Imports

In [1]:
import torch
import torch.nn as nn
import torch.optim as optim
from sklearn.metrics import mean_absolute_error
from torch.nn import Module, LSTM, Linear
from torch.utils.data import Dataset, DataLoader
from sklearn.model_selection import train_test_split
from transformers import BertTokenizer
import pandas as pd
import glob

  from .autonotebook import tqdm as notebook_tqdm


Model creation

In [2]:
class Net(Module):
    def __init__(self, input_size, hidden_size, num_layers, num_classes):
        super(Net, self).__init__()
        self.lstm = LSTM(input_size, hidden_size, num_layers, batch_first=True, bidirectional=True)
        self.fc = Linear(hidden_size * 2, num_classes)
        
        
    def forward(self, x):
        out, _ = self.lstm(x)
        out = self.fc(out[:, -1, :])
        return out

Sentiment Analysis Dataset and declaration

In [58]:
class SentimentAnalysisDataset(Dataset):
    def __init__(self, dataframe, tokenizer, max_length=128):
        self.dataframe = dataframe
        self.tokenizer = tokenizer
        self.max_length = max_length

    def __len__(self):
        return len(self.dataframe)

    def __getitem__(self, idx):
        label = self.dataframe.iloc[idx, 0] 
        message = self.dataframe.iloc[idx, 1]  

        encoding = self.tokenizer(
            message,
            add_special_tokens=True,
            max_length=self.max_length,
            padding='max_length',
            truncation=True,
            return_tensors='pt'
        )

        input_ids = encoding['input_ids'].squeeze().float()

        return input_ids, torch.tensor(label, dtype=torch.long)

In [68]:
sentiment_analysis_csv = pd.read_csv('FirstReportData/sentiment_analysis.csv', header=None, encoding='ISO-8859-1')
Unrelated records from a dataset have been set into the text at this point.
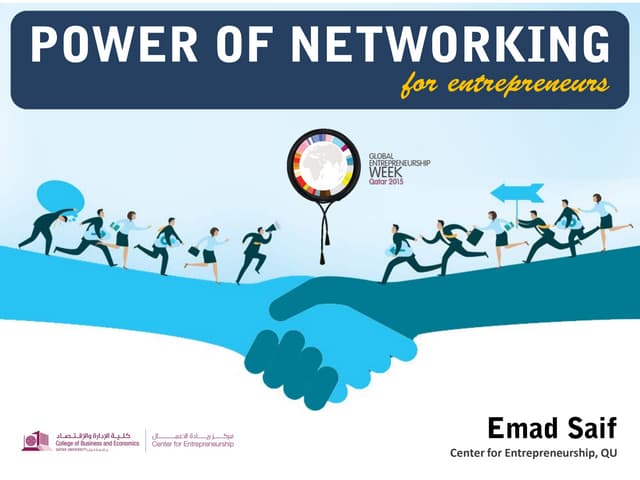 Power of Networking for Entrepreneurs - GEWQatar 2015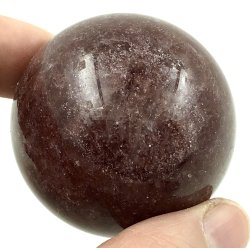 Jordbr kvarts kugle-2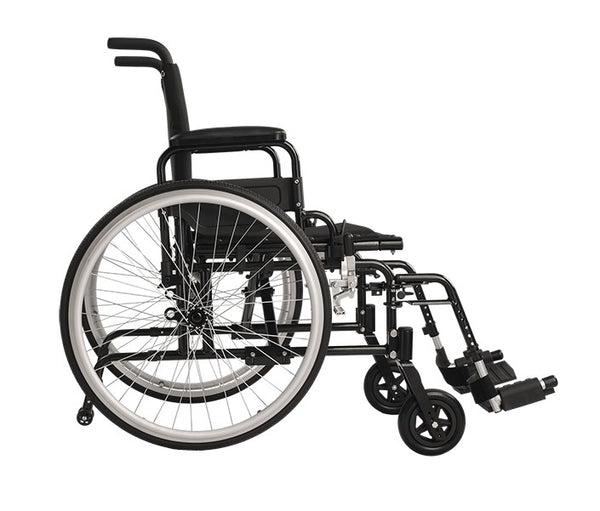 Right Side View Of The Dynarex DynaRide S5 Ultra Lite Wheelchair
sentiment_analysis_csv = sentiment_analysis_csv[:200000]

train_data, test_data = train_test_split(sentiment_analysis_csv, test_size=0.4, random_state=42)

print("Training data size:", len(train_data))
print("Testing data size:", len(test_data))

tokenizer = BertTokenizer.from_pretrained('bert-base-uncased')
train_dataset = SentimentAnalysisDataset(train_data, tokenizer, max_length=128)
test_dataset = SentimentAnalysisDataset(test_data, tokenizer, max_length=128)

Training data size: 120000
Testing data size: 80000


In [24]:
device = torch.device("mps")

input_size = 128
hidden_size = 64
num_layers = 2
num_classes = 2

model = Net(input_size=input_size, hidden_size=hidden_size, num_layers=num_layers, num_classes=num_classes).to(device)

criterion = nn.CrossEntropyLoss()
optimizer = optim.Adam(model.parameters(), lr=0.0001)

tokenizer = BertTokenizer.from_pretrained('bert-base-uncased')

train_dataloader = DataLoader(train_dataset, batch_size=32, shuffle=True)
test_dataloader = DataLoader(test_dataset, batch_size=32, shuffle=False)

Weather Forecast Dataset and declaration

In [3]:
class WeatherForecastDataset(Dataset):
    def __init__(self):
        data = pd.read_csv('FirstReportData/weather_forecast_cleaned.csv')
        data = data.dropna()
        temperatures = data["T (degC)"].values.reshape(-1, 1)
        features = data.drop(columns=["T (degC)"]).values
        
        self.sequences = []
        self.targets = []
        
        for i in range(len(features) - 5):
            self.sequences.append(features[i:i + 5])
            self.targets.append(temperatures[i + 5])
            
        self.sequences = torch.tensor(self.sequences, dtype=torch.float32)
        self.targets = torch.tensor(self.targets, dtype=torch.float32)

    def __len__(self):
        return len(self.sequences)

    def __getitem__(self, idx):
        return self.sequences[idx], self.targets[idx]
    

In [4]:
weather_forecast_csv = pd.read_csv('FirstReportData/weather_forecast_cleaned.csv')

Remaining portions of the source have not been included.